Why should I alter the words that come out of my mouth just to make sure you don’t feel bad… you are responsible for your own feelings!

This is how, consciously or unconsciously, these conservative factions justify being nasty and hateful by invoking all-American ideas of “freedom of speech” and the “authentic self”.

Moreover, liberals tend to fall for it. We allow the conversation to then be pushed into those ideological territories. Now, we are discussing nuances of the possible limits of free speech, and a cost-benefit analysis that weighs freedom of speech against justice and violence, and other equally yawn-worthy conversations.

Instead of all that, I’d like to ask them this:  Have you ever decided to not go to the party?

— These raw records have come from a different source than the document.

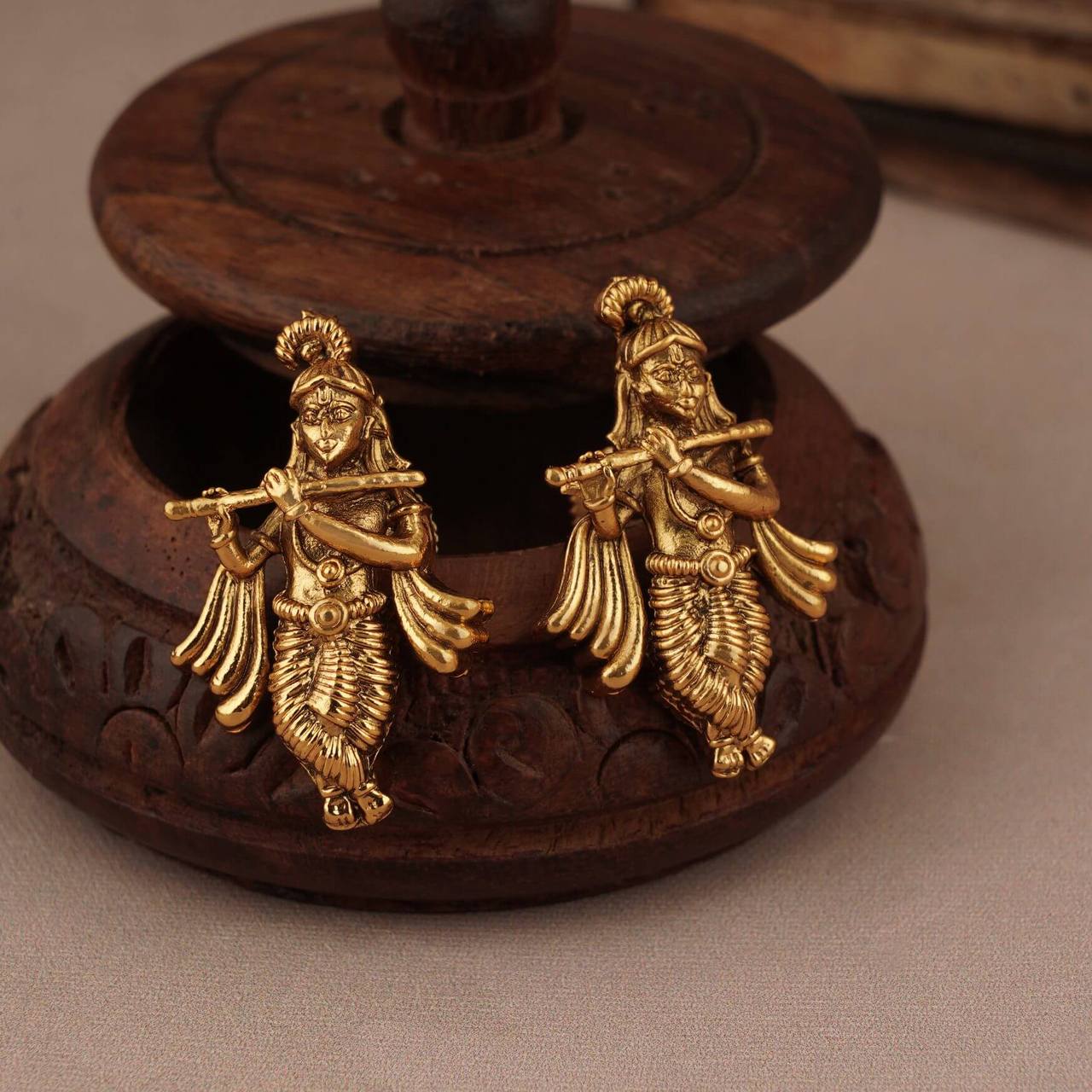 Ethnic Gold Plated Designer Pendant Necklace Set (AA6)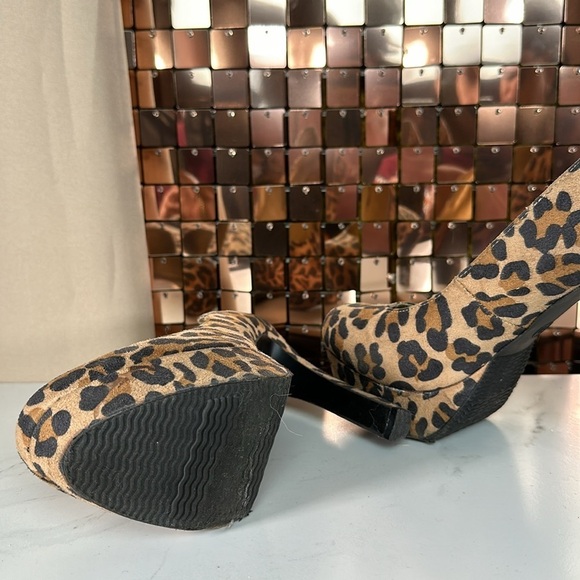 MOSSIMO Tan, Brown, Black Cheetah Print Faux Suede Heels Size 8 - Picture 9 of 10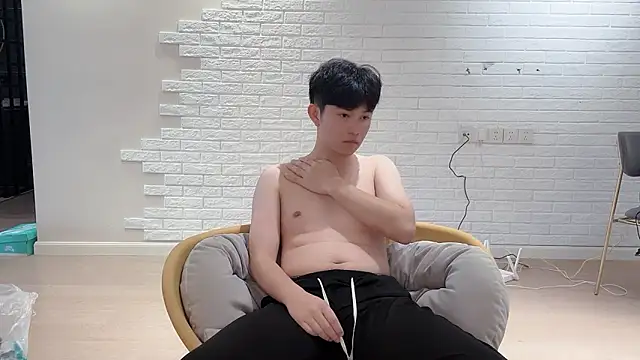 xlong00099 online show from 09/18/25, 06:15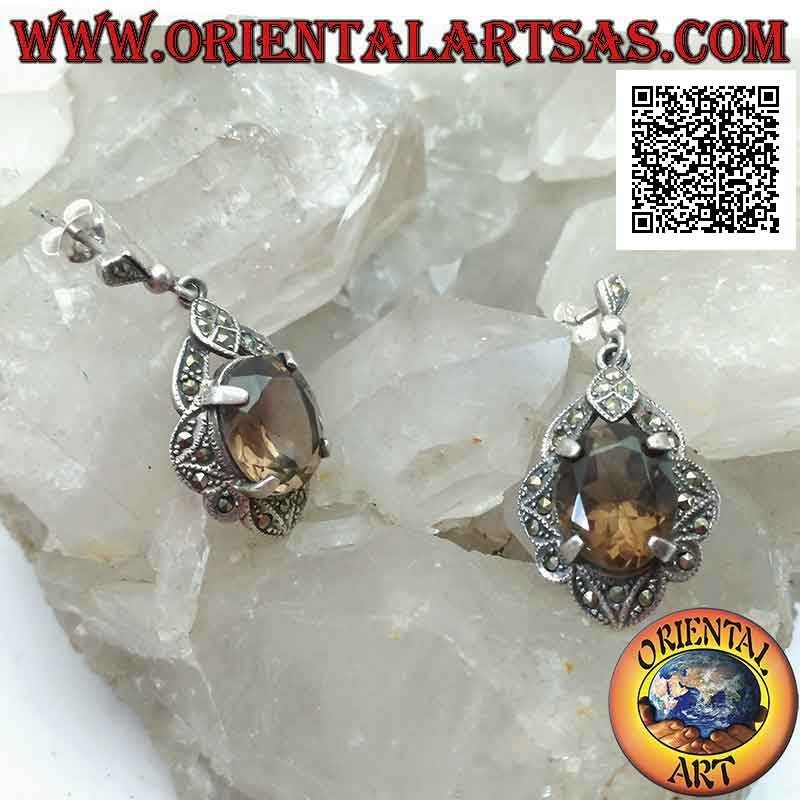 Orecchini in argento con topazio fumé ovale sfaccettato incastonato su montatura tempestata di marcassite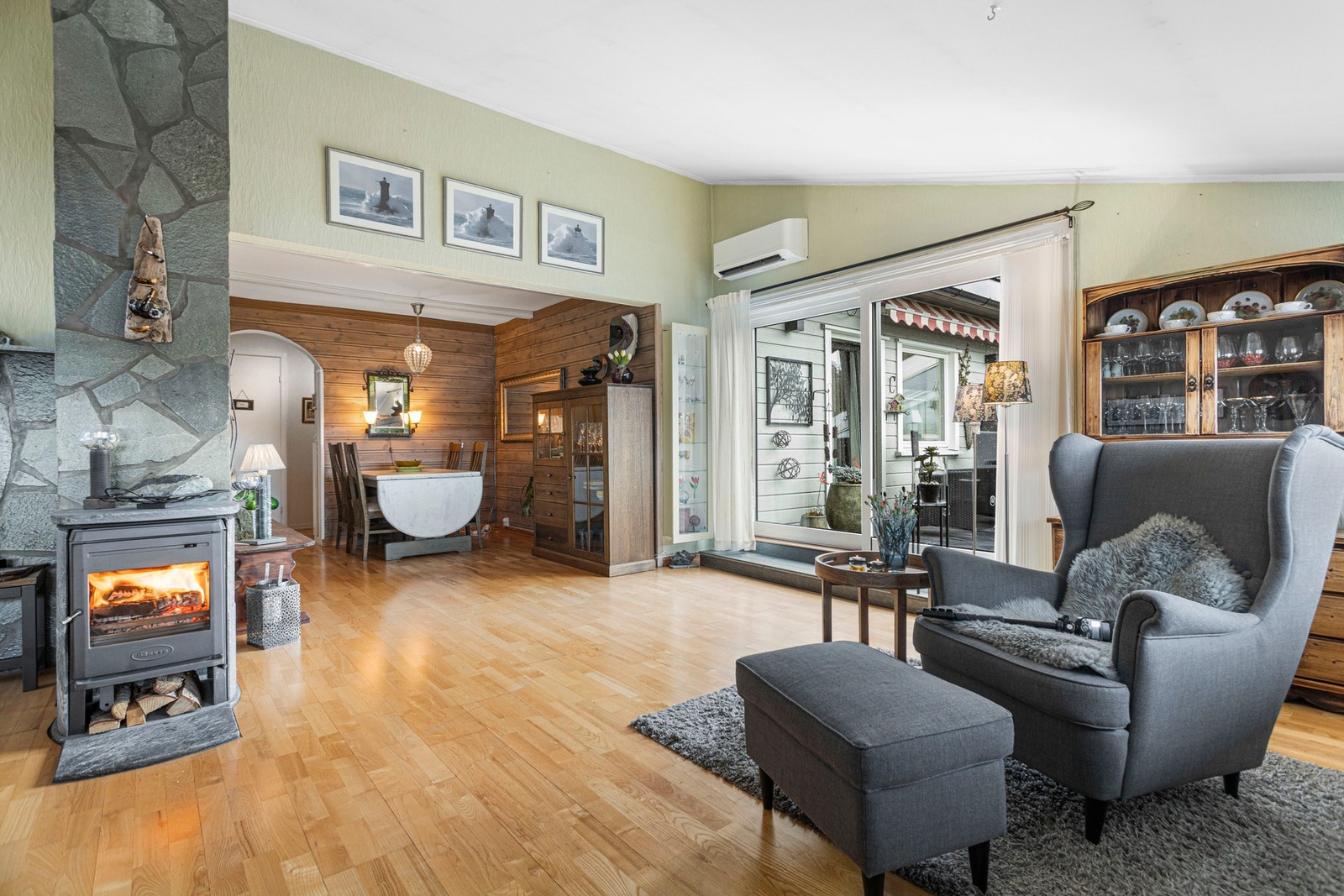 Stuen har oppvarming fra varmepumpe (2022) og vedfyring! Galleribilde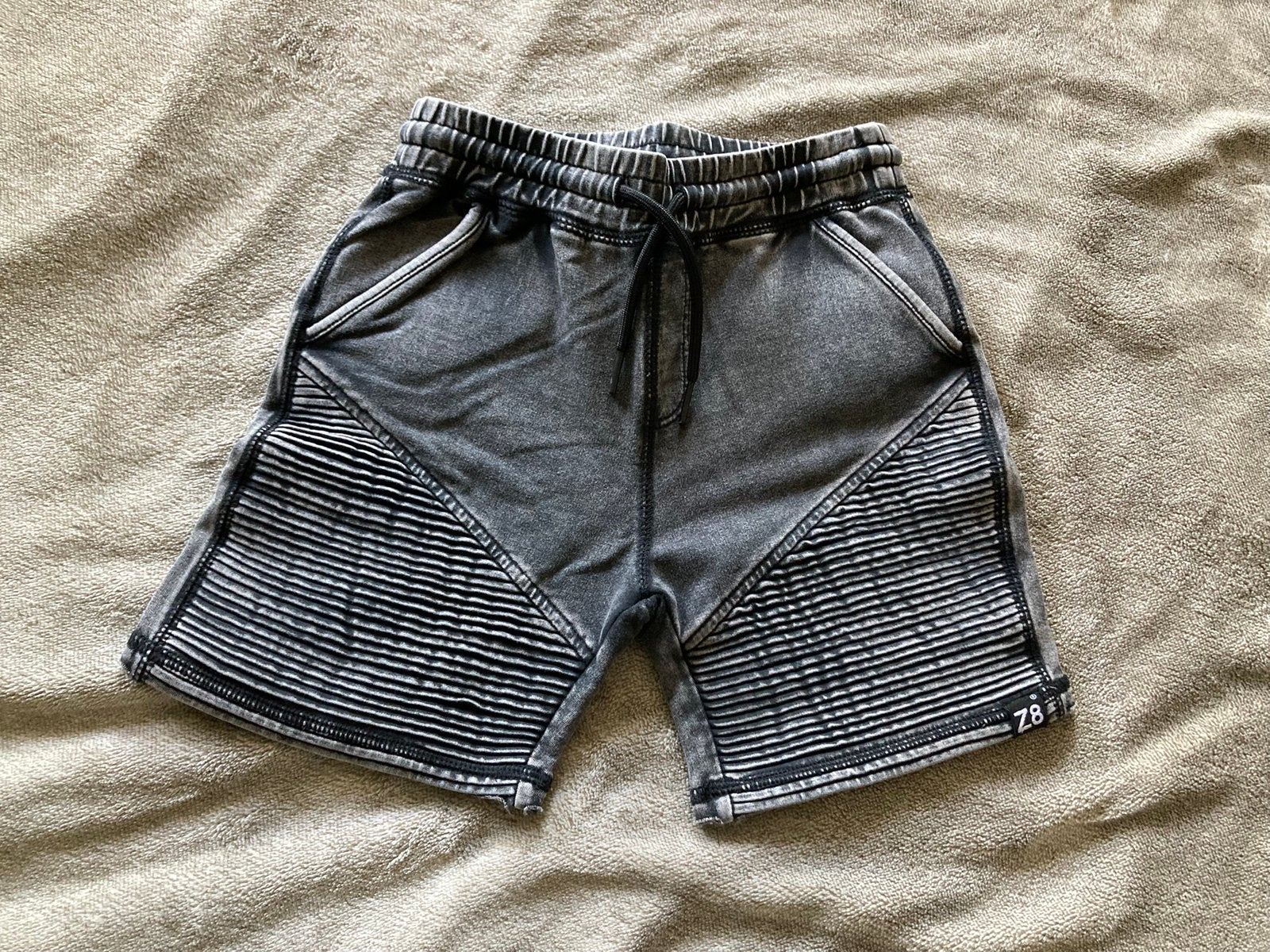 Z8 korte broek maat 134, Kinderen en Baby's, Kinderkleding | Maat 134, Ophalen of Verzenden, Gebruikt, Jongen, Broek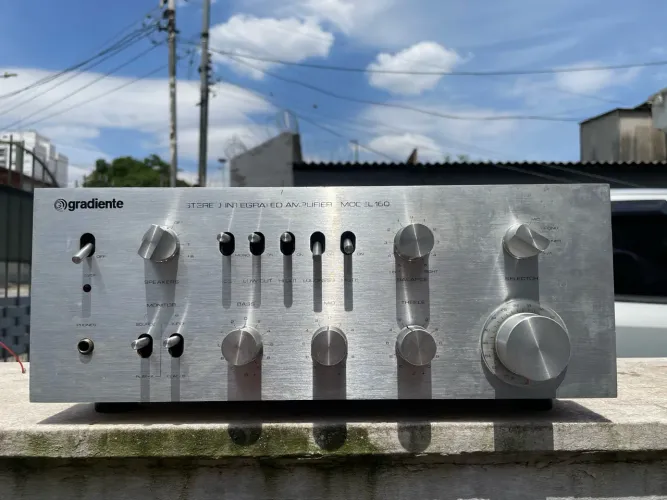 Amplificador gradiente model 160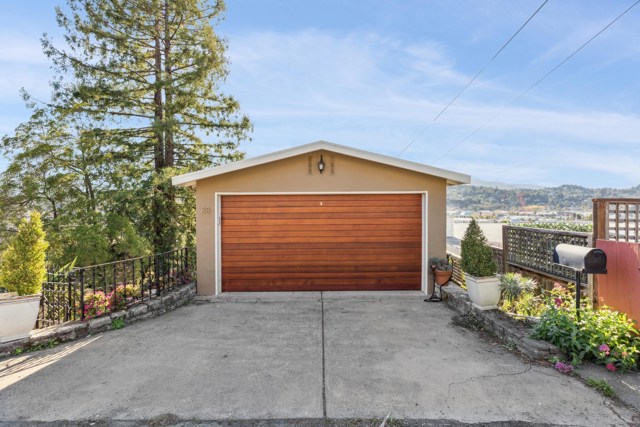 28 Marina Court Dr, San Rafael CA: https://media.crmls.org/mediaz/a730690c-f85b-45e3-b637-e0af46bb1570.jpg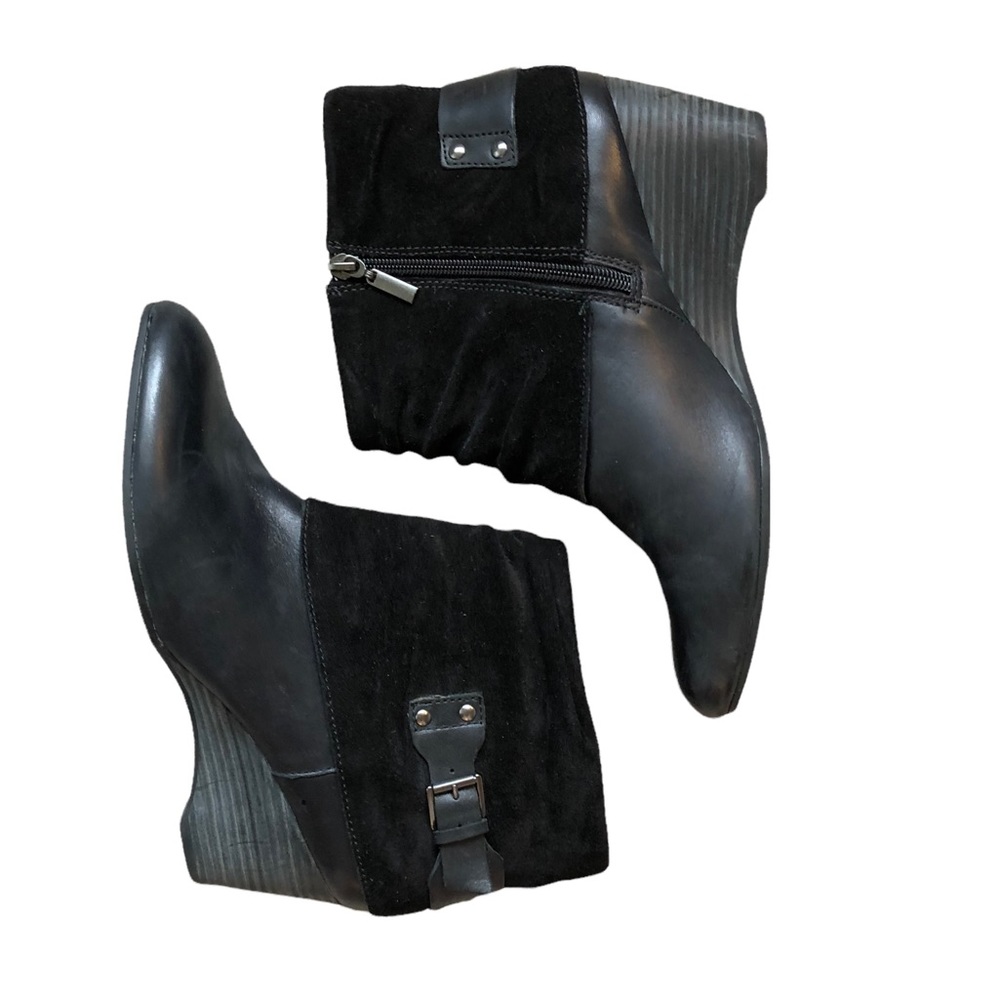 Clarks Artisan 62342 Slouchy Black Leather and Suede Zip Up Ankle Booties Size 9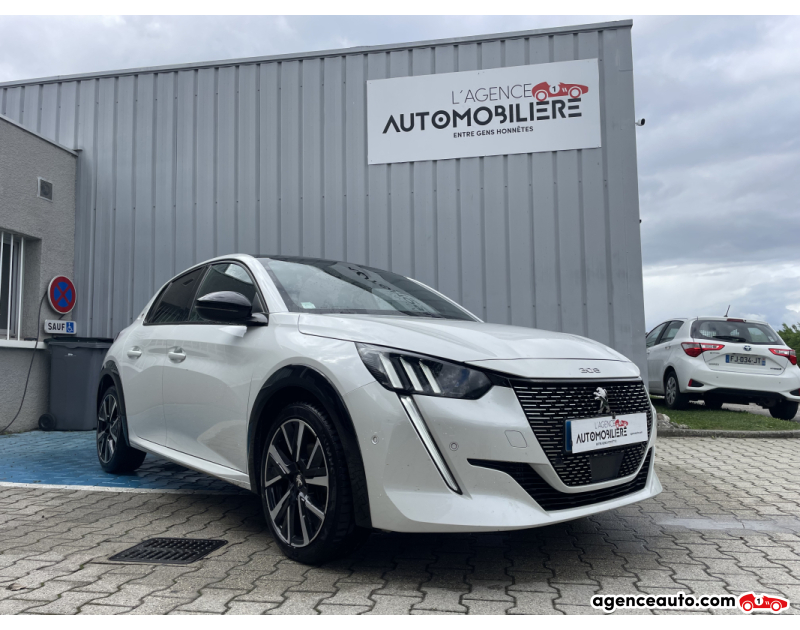 Gebrauchtwagenkauf, Günstige Gebrauchtwagen | Automobilienagentur Peugeot 208 1.2L Pure tech 12V 100cv GT Blanc Jahr 2021 Manuelle Essence
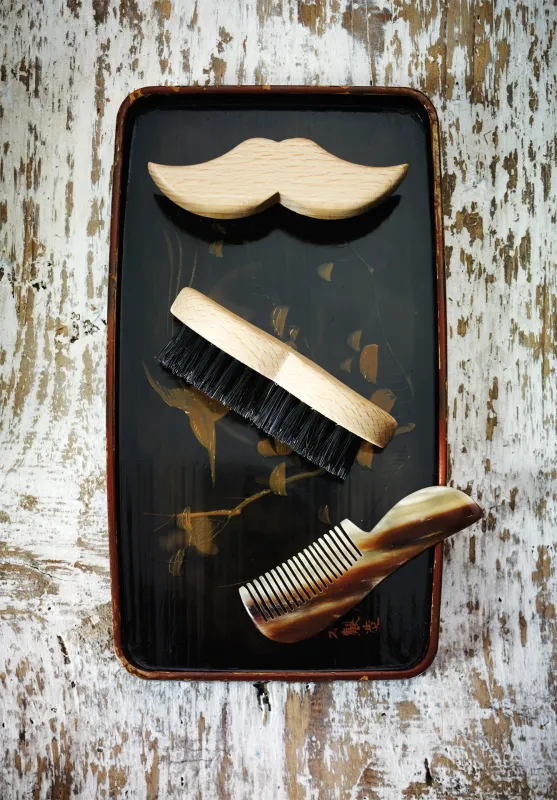REDECKER - Brosse à barbe et moustache en bois de hêtre 85 cm/3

The supposed “free speech” argument for saying bigoted, crass or insulting things invariable boils down to this:

 

“I should be able to say _________ without consequence, because it was the first thing that popped into my head, and therefore reflects the real me!”

 

It is face-value a bad argument.  It is the equivalent of saying, “If I catch on fire, the best thing for me to do is to run screaming through the hallway, because that is the first thing that pops into my head!”

It’s the equivalent of saying: “I shouldn’t suffer any consequences from going to the party instead of studying, because that was what the real me wanted to do!”

Sometimes, it’s better to think slow instead of fast. Sometimes, it’s better to use the controlled process rather than the automatic one.

Sometimes it’s better to listen to the voice that says, “Wait, will doing this really achieve my goals and be best for everyone involved?”

After all: that voice is just as genuine, just as much a part of the “authentic you,” as any other.